Mike Judge's new workplace comedy Extract comes a decade after Office Space , a cult favourite. In retrospect, the wry and silly Office Space hit on something fundamental about the absurdities of modern cubicle life.

In his new movie, Judge has changed the workplace to a small owner-operated factory, and this time, the beleaguered everyman hero is the boss, Joel Reynolds (Jason Bateman). Rather than relishing his status as the kind of guy American politicians point to as the backbone of the nation, Joel finds that mid-level success is a dead-end.

He's sick of "baby-sitting" his staff of sorters, bottlers and lift-truck drivers. They include a spiteful senior employee carping about everyone else's laziness (Beth Grant), a would-be heavy-metal rock star (T.J. Miller), and an operations manager who can't be bothered remembering anyone's name (J.K. Simmons).

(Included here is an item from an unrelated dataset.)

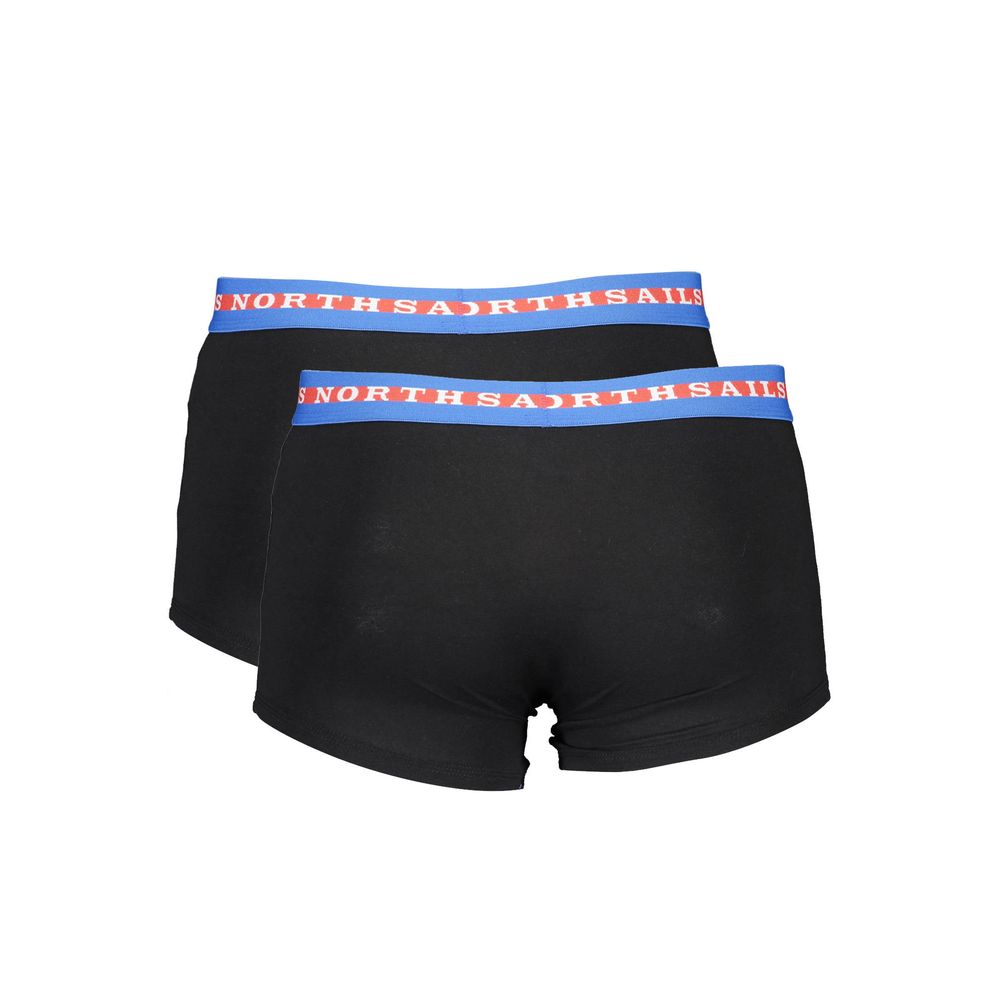 North Sails Black Cotton Men Boxer Pair with bi-color waistband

His home life is even more frustrating. Each night, Joel gets home late from work to his suburban spread, trying to avoid his tenacious bore of a neighbour (David Koechner). As soon as he comes through the door, Joel's wife, Suzie ( Saturday Night Live 's Kristen Wiig, underwritten and under-used) pulls the draw string on her sweatpants. That's the signal that there's no sex again tonight.

Other kinds of pressures are mounting. Food giant General Mills may be interested in buying his operation, but the workers create a chain of accidents that almost neuters one of the dumber sorters, Step (Clifton Collins Jr.). If someone persuades Step to launch a lawsuit, Joel's company is finished. The accident hits the local newspapers, which gains the attention of a sexy con artist, Cindy (Mila Kunis), who applies for a temp job at the factory with a scam in mind. On her first day, she brazenly flirts with Joel, expressing an improbable interest in the world of bottled extracts. He's instantly lust-struck.

Later, Joel confides his fixation with Cindy to his low-life bartender friend, Dean (an unexpectedly funny Ben Affleck, under long hair and a beard). After plying Joel with alcohol and a stupefying pill, Dean convinces his friend to hire a gigolo (a dim but studly landscaper named Brad) to have an affair with Suzie. This will give Joel the moral licence to hit on his hot new employee.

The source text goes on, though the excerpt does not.